#### Task description
When you reach the line containing "Madrid, Spain. 1st" in the entries below, begin reproducing lines exactly, and stop once the line containing "Mulberry Shares Rise" is done.

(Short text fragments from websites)
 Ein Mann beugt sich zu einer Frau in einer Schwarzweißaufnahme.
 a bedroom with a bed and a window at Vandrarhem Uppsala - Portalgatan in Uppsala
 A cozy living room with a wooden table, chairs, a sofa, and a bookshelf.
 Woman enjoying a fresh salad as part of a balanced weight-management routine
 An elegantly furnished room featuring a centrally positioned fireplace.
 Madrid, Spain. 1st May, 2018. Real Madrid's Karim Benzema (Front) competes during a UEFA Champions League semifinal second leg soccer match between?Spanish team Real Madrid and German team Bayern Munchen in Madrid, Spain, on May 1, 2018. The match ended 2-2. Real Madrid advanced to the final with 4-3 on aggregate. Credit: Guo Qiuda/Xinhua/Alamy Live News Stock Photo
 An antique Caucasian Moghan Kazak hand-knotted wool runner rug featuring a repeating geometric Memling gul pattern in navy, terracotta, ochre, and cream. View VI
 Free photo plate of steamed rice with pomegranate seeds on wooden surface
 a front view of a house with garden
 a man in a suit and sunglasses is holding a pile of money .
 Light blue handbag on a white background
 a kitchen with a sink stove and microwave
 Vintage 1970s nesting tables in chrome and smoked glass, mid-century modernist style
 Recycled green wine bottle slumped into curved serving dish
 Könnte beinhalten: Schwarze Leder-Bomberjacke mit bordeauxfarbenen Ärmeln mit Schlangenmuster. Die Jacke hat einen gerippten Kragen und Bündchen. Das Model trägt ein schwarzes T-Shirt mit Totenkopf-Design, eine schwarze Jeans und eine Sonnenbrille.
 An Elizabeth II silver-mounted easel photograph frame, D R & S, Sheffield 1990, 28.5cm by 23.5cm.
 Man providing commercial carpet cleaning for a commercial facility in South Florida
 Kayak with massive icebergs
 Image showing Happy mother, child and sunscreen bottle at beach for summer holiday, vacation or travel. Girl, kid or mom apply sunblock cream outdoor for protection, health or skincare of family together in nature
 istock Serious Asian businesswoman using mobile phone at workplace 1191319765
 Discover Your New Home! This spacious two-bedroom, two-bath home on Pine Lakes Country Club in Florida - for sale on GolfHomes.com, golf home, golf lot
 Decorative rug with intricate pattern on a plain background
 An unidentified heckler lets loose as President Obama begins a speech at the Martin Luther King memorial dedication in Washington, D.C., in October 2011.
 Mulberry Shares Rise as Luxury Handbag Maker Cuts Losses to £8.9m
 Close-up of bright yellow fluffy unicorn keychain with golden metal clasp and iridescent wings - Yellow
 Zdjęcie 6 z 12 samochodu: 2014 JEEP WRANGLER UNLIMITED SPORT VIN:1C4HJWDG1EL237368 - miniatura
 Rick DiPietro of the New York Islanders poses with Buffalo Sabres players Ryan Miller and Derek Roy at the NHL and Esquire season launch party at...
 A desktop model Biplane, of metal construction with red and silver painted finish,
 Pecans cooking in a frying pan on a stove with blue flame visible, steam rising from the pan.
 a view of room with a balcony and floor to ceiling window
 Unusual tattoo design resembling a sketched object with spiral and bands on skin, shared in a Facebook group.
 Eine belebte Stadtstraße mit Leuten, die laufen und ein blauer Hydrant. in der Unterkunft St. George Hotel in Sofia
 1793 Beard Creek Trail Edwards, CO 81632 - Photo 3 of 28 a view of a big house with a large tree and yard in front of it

#### Output of the exercise
 Madrid, Spain. 1st May, 2018. Real Madrid's Karim Benzema (Front) competes during a UEFA Champions League semifinal second leg soccer match between?Spanish team Real Madrid and German team Bayern Munchen in Madrid, Spain, on May 1, 2018. The match ended 2-2. Real Madrid advanced to the final with 4-3 on aggregate. Credit: Guo Qiuda/Xinhua/Alamy Live News Stock Photo
 An antique Caucasian Moghan Kazak hand-knotted wool runner rug featuring a repeating geometric Memling gul pattern in navy, terracotta, ochre, and cream. View VI
 Free photo plate of steamed rice with pomegranate seeds on wooden surface
 a front view of a house with garden
 a man in a suit and sunglasses is holding a pile of money .
 Light blue handbag on a white background
 a kitchen with a sink stove and microwave
 Vintage 1970s nesting tables in chrome and smoked glass, mid-century modernist style
 Recycled green wine bottle slumped into curved serving dish
 Könnte beinhalten: Schwarze Leder-Bomberjacke mit bordeauxfarbenen Ärmeln mit Schlangenmuster. Die Jacke hat einen gerippten Kragen und Bündchen. Das Model trägt ein schwarzes T-Shirt mit Totenkopf-Design, eine schwarze Jeans und eine Sonnenbrille.
 An Elizabeth II silver-mounted easel photograph frame, D R & S, Sheffield 1990, 28.5cm by 23.5cm.
 Man providing commercial carpet cleaning for a commercial facility in South Florida
 Kayak with massive icebergs
 Image showing Happy mother, child and sunscreen bottle at beach for summer holiday, vacation or travel. Girl, kid or mom apply sunblock cream outdoor for protection, health or skincare of family together in nature
 istock Serious Asian businesswoman using mobile phone at workplace 1191319765
 Discover Your New Home! This spacious two-bedroom, two-bath home on Pine Lakes Country Club in Florida - for sale on GolfHomes.com, golf home, golf lot
 Decorative rug with intricate pattern on a plain background
 An unidentified heckler lets loose as President Obama begins a speech at the Martin Luther King memorial dedication in Washington, D.C., in October 2011.
 Mulberry Shares Rise as Luxury Handbag Maker Cuts Losses to £8.9m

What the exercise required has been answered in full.